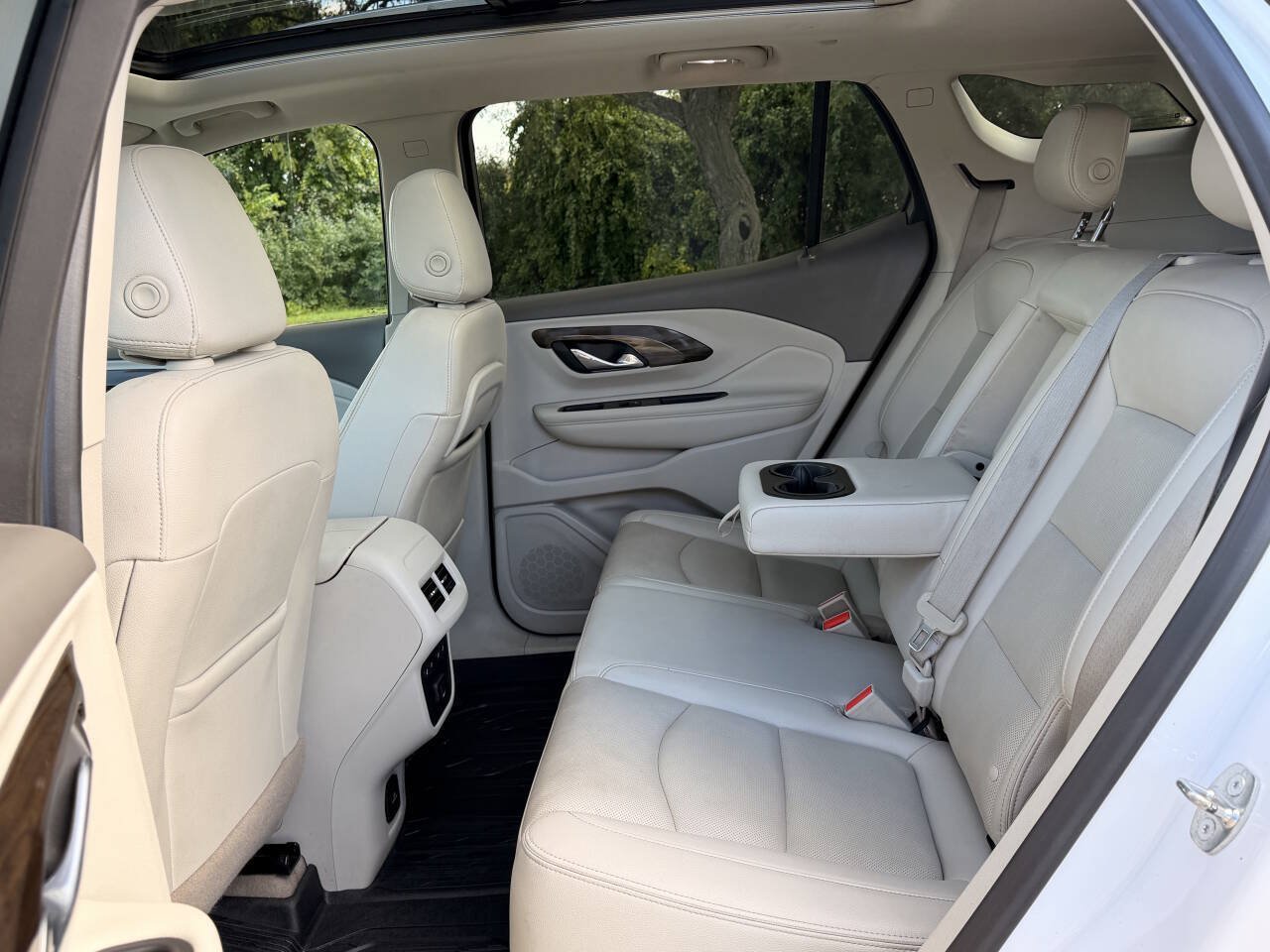 Used 2019 GMC Terrain Denali w/ Advanced Safety Package AWD/4WD image 25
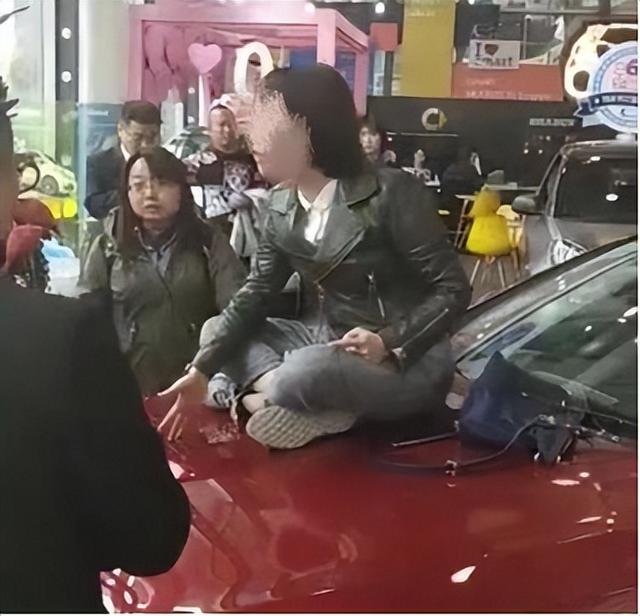 坐在奔驰上维权的女主，最终得到了怎样的赔偿，受到了什么影响？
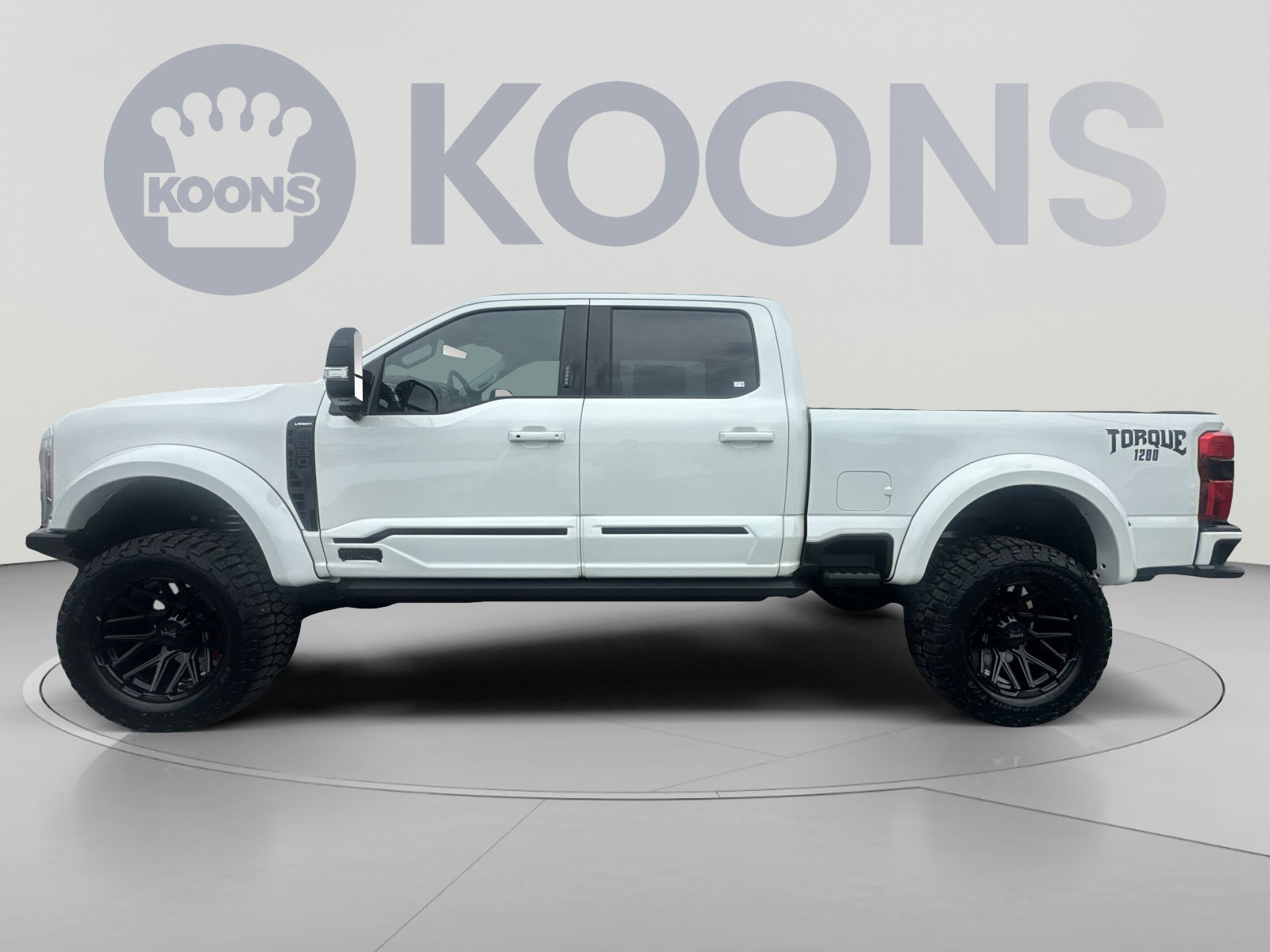 New 2026 Ford F250 Lariat w/ Black Appearance Package AWD/4WD image 7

_ _ _ _ _

Output the full material exactly as given, without its pictures.

> _Solution for this task_
 Used 2019 GMC Terrain Denali w/ Advanced Safety Package AWD/4WD image 25
 坐在奔驰上维权的女主，最终得到了怎样的赔偿，受到了什么影响？
 New 2026 Ford F250 Lariat w/ Black Appearance Package AWD/4WD image 7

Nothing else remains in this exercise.